Repository for scraping metadata from NCBI SRA xml run records. Script uses a taxonomy_query
from the params.json
to get the correct taxid IDs for use in the SRA search. Additional search parameters for the SRA search can be passed with the additional_sra_query
in params.json
and will be appended to the taxonomy IDs.
For information on formating the NCBI Taxonomy database search please see the documentation.
The NCBI SRA search query will be formed with the following format: (organism-1 [ORGANISM] OR organism-1 [ORGANISM]) <additional_sra_query>
. Please see SRA for how to build a search term.

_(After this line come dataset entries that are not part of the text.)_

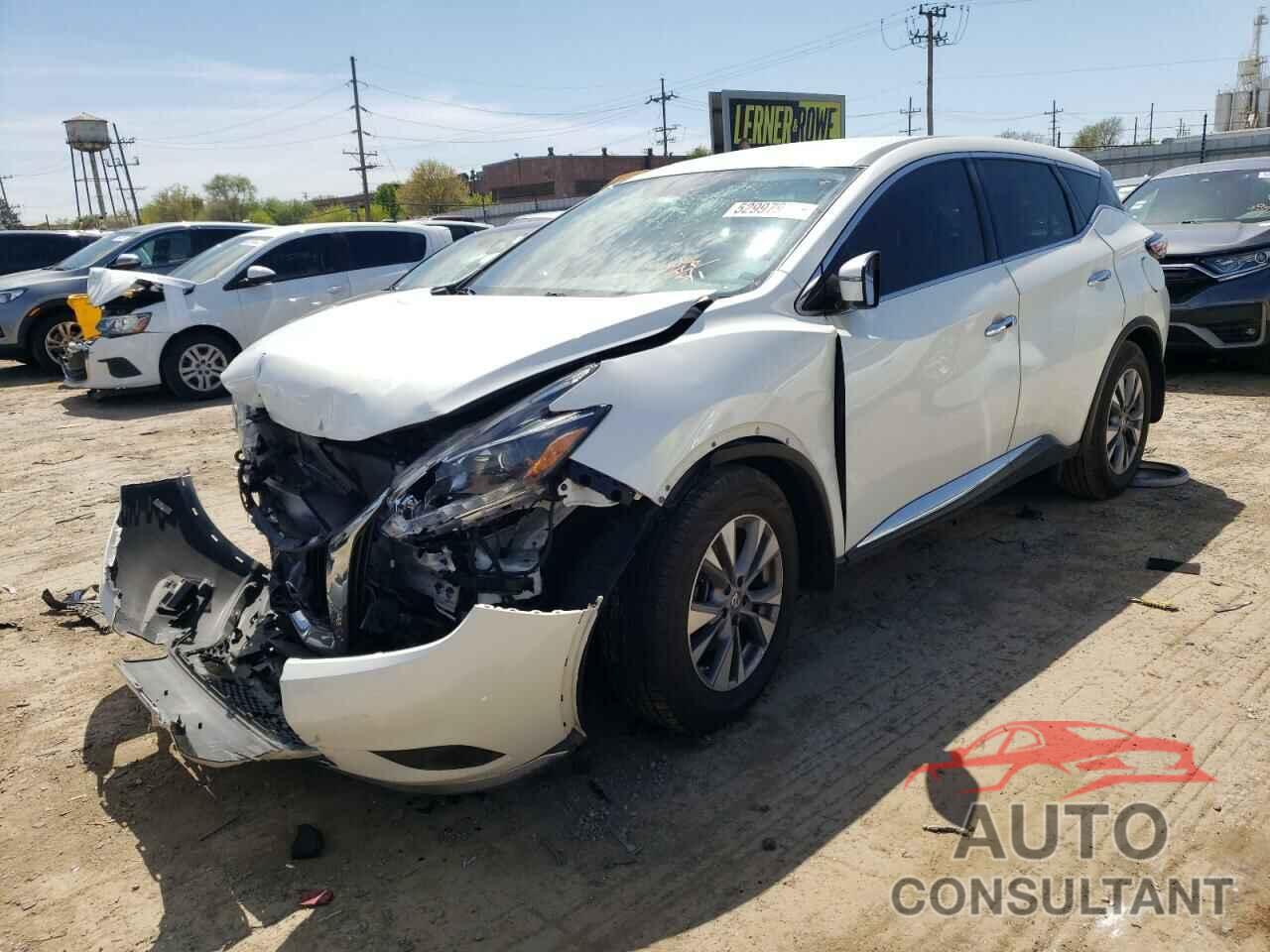 NISSAN MURANO 2018 - 5N1AZ2MH7JN196430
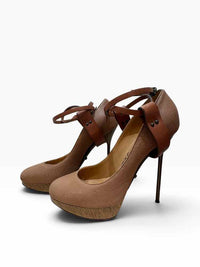 Lanvin Brown Size 8.5 Shoes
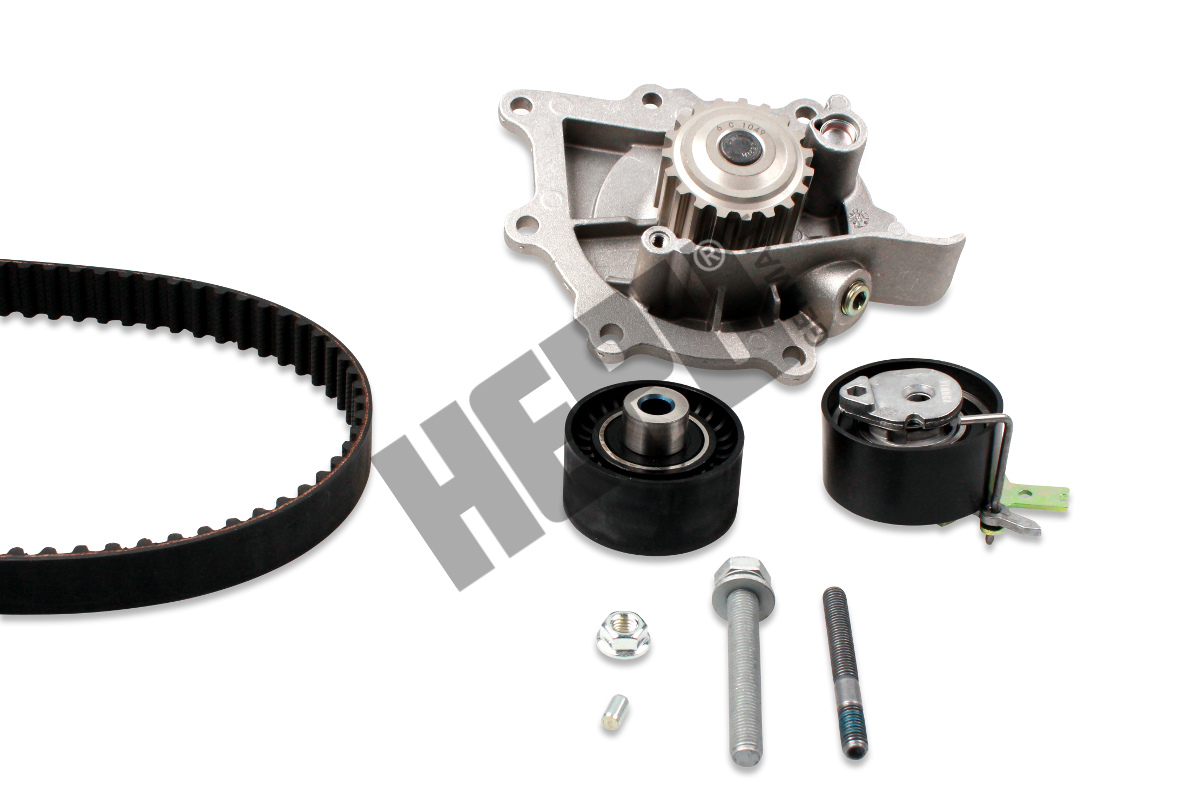 HEPU Vandpumpe + tandremssæt pk08070 for FORD OPEL VOLVO PEUGEOT CITROËN/PEUGEOT FIAT MITSUBISHI LANCIA JAGUAR TOYOTA LAND ROVER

Note- Utilizes the Entrez Direct and queries that return lots of SRA runs can cause timeout errors (TODO: handle this issue).
- Set up a
params.json
in the upper directory. with the following attributes:
{
"entrez_email": "<your email>",
"entrez_api": "<your NCBI API key>",
"taxonomy_query": "<the NCBI taxonomy database query for getting the correct organisms IDs for the SRA search>",
"addional_sra_query": "<additional search terms to be appended to the organism IDs from the taxonomy query>",
"id_file": "<name.txt file for saving the SRA query ids>"
}
Below gives details on how to run the script with or withour docker.
- Set up the python env.
uv venv name -python 3.12
uv source /path/to/venv/bin/activate
uv pip install -r requirements.txt
- Run the script.
python runner.py
Warning- data will not be shared with host machine and will be lost when the docker container finishes. Currently cannot be used.
- Build the image.
docker build -t sra_xml_reader .
- Run the docker container.
docker run -t sra_xml_reader